To achieve the goals and overcome the challenges we mentioned above, our EIF architecture is mainly derived by the following three observations:

First, the FPGA virtualization technique [19] can provide isolation between users and infrastructure, and improve the multi-tenancy of the FPGA board. FPGA virtualization technique [21] usually virtualize the FPGA with spatial multiplexing and temporal multiplexing. The techniques for spatial multiplexing have already been proven efficient enough. But traditional temporal multiplexing technique from the operating system level, like preemptive multitasking, is detrimental to the response latency of DNN inference which is a very latency-sensitive job. Thus, in EIF, we design a customized and low-overhead temporal multiplexing method with the deployment of sparsity inside the DNN model with the SDMC mode [8].

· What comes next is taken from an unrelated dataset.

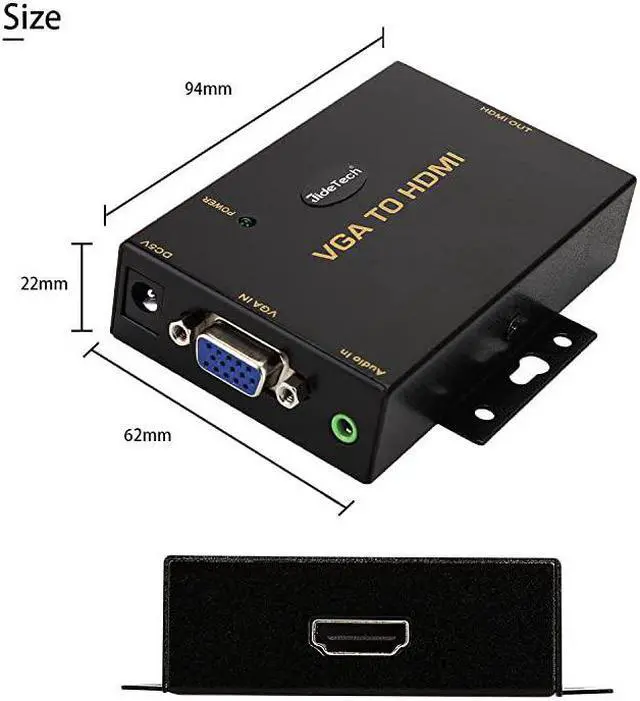 Alt view image 2 of 7 - VGA to HDMI Converter with 35mm Audio Port for PC Laptop Display Computer Mac Projector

Second, for a higher level of multi-tenancy for FPGA support INaaS, we must overcome the restriction imposed by relatively limited on-chip memory compared to the model size of an AI inference task. A DNN model can be thought of as a series of several sub-model. If we can perform a DNN task in a streaming mode, we just need to keep the parameters of a sub-model in on-chip memory instead of the entire DNN model [4].

Third, for an inference task, the time to prepare the operation and store the result is usually as long as the time to compute the required operations. If data transmission/reception and computing operation are independently processed in heterogeneous processors, the response time can be optimized by overlapping these two processes [4].

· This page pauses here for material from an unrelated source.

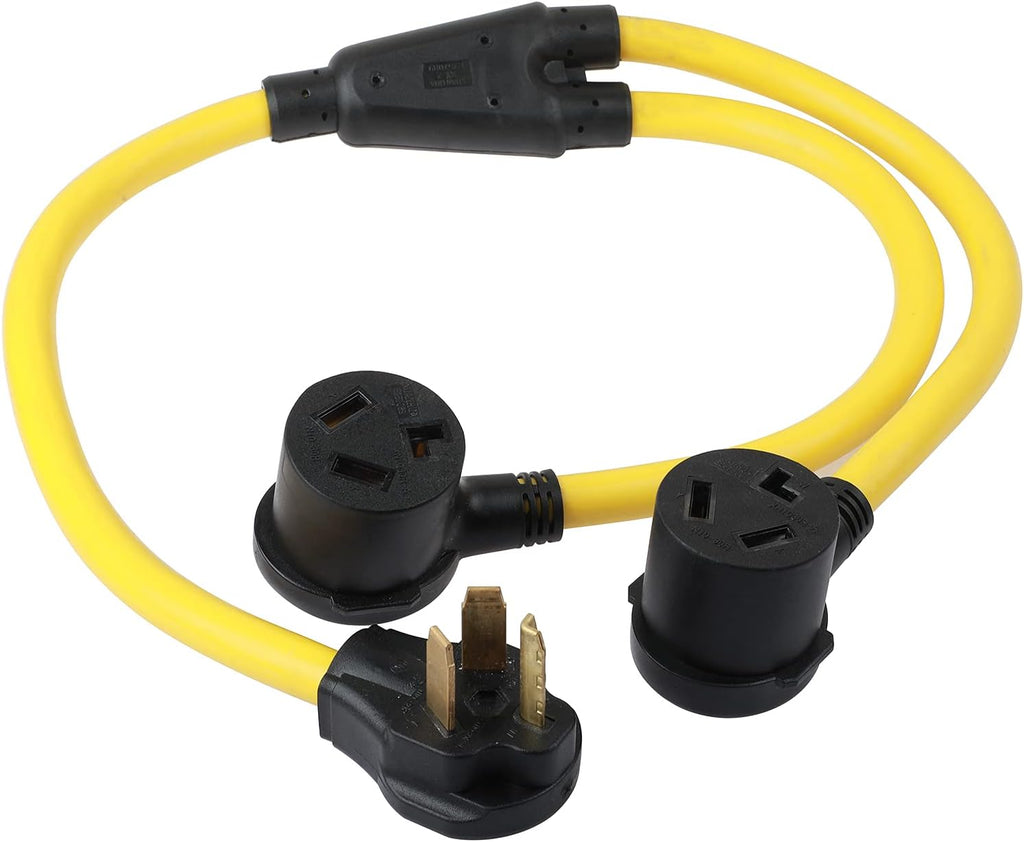 3 Prong Dryer Y Splitter Cord Adapter, 30AMP, 250 Volt, Pack of 2 N6820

The overall architecture of the EIF system, as shown in Figure 2, is guided by the design principles discussed above.

It is implemented on a shared-memory platform with a CPU and an FPGA.

There are two major sets of components on the CPU side: the containers and Hypervisor. The design follows a mediated pass-through [10], [21] architecture in which the containers (of CPU) are responsible for instructing the accelerators, and managing data transfer between the end-users and the underlying accelerators; whereas the Hypervisor of EIF traps all control operations (Memory-Mapped IOs, MMIOs) from the containers to redirect these operations to the appropriate physical accelerator.

There are also two major sets of components on the FPGA side: a Shell and a set of accelerators. The Shell component is a reserved portion of the FPGA. The board manufacturer (e.g., Intel, Xilinx) provides the Shell, which serves as the IO interface for the FPGA. At the beginning of configuring the entire framework, the FPGA is configured with a fixed number and types of accelerators through the Shell. And the infrastructure information of configured FPGA will be kept in the Hypervisor.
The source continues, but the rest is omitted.